Wink goes on to observe that not only were Peter and John being anything but sheeplike in their behavior, but that this behavior was actually pretty characteristic of both Jesus and those who had been his followers. Verse 13 adds the observation that the Temple authorities saw the two as “uneducated and ordinary” men – in fact, the Greek word here translated “ordinary” is the word from which we get our modern insult “idiot” – and yet were being extremely bold before people of whom they were supposed to be afraid. And that, they had already seen, was characteristic of these followers of this crucified Jesus. 
They weren’t living fearfully – these disciples were a long way from the people who had been hiding back on the day of the Resurrection. They weren’t being intimidated. They were speaking boldly, proclaiming the name of this crucified Jesus. They weren’t sheep. They knew their scripture, and didn’t let the authorities intimidate them into accepting their “authoritative” interpretation.
And remember: they were showing this boldness, this “goat-like” stubbornness, to their own co-religionists. We Presbyterians can be a little bit intimidated sometimes in the face of a larger church that has some of its authorities who are really highly willing to tell the word that they are the only ones who Really Know Their Scripture. We have it, and we’re going to tell you how you have to read it. We’re going to tell you what you have to believe about it. Listen, folks: I am really, truly NOT INTERESTED in you “believing in the Bible.” I’m really not.
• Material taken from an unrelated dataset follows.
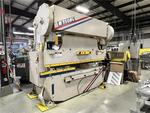 PUBLIC TIMED ONLINE AUCTION ~ SHOE INDUSTRY INJECTION MOLDING MACHINES, ROBOTS, MACHINE SHOP  Auction Photo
I’d much rather you grab your Bible and read it. Read it whole, and when those authorities start to sell you some soap about what this verse says, you be ready to throw a whole bunch of other scripture at them.
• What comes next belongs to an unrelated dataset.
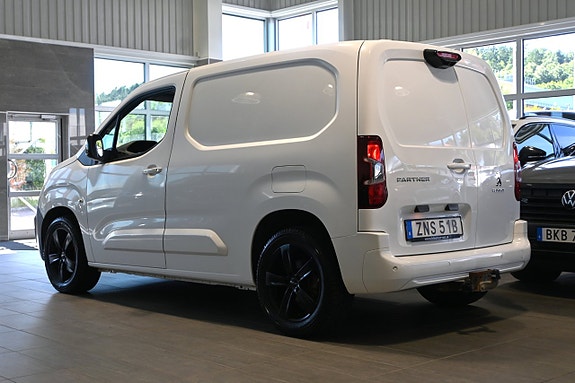 Peugeot Partner 3 of 23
Boldness, not sheeplike docility. Following the prodding of the Spirit, not the orders of the authorities. Being faithful to the life and teaching of Jesus, no matter how much others might distort his witness.  When it’s time to call out whoever – be it the world at large or our fellow Christians, when it’s time to be led by the Spirit, let us never be anything less than bold. But let us know that we are being led by the Spirit.
For the ability to be a goat instead of a sheep when the Spirit calls, Thanks be to God. Amen.

Hymns (PH 90): “I Greet Thee, Who My Sure Redeemer Art” (457); “My Shepherd Will Supply My Need” (192); “Great Is Thy Faithfulness” (276)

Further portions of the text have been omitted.